Teladoc Health's (TDOC 0.22%) stock wasn't the picture of financial health Wednesday. Investors traded it down by nearly 9%, after an analyst dinged the shares with a recommendation downgrade.
That analyst, Sandy Draper of Guggenheim, downgraded his Teladoc recommendation to sell from the previous neutral, with a price target of $25 per share. Even after Wednesday's drop, that implies more than 30% downside to the stock's level.
Draper feels that Teladoc remains overly exposed to the consumer segment, as it derives roughly 40% of its revenue from such users. A strong dollar also won't help; as a telehealth services provider, of course it's not particularly constrained by borders. As for business spending, the analyst wrote of a "challenging macro environment that is elongating sales cycles in enterprise decisions."

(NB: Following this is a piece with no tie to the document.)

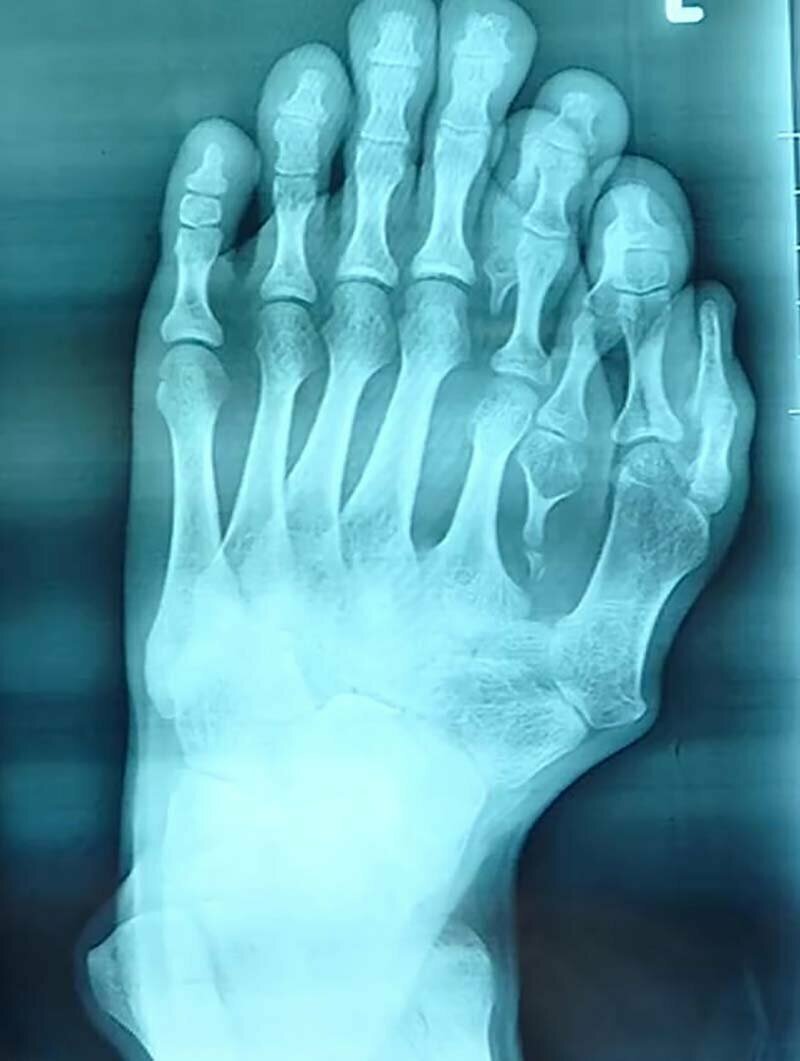 Сделанные предоперационные фотографии и рентгенограмма показали врачам степень тяжести деформации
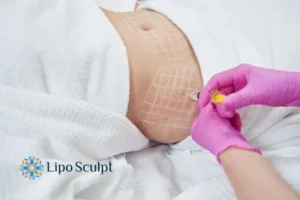 Do you want to know how long Aqualyx Ryton on Dunsmore results last?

Teladoc is a star healthcare stock that has lost its shine. It was a hot item in the thick of the coronavirus pandemic, as telehealth solutions became a viable option in a world of shut-ins and office closures. Recent quarterly earnings disappointments compound the feeling among certain investors that the company's best days are behind it.
It's important to note, though, that Teladoc still has more than a few believers. This crowd includes a number of analysts, some of whom are unhesitatingly bullish. One is D.A. Davidson's Robert Simmons, who late last week initiated coverage of Teladoc stock with a buy recommendation at a price target of $45 per share. In a research note, Simmons opined that the scale and variety in telehealth the company has achieved will continue to power its growth in the future.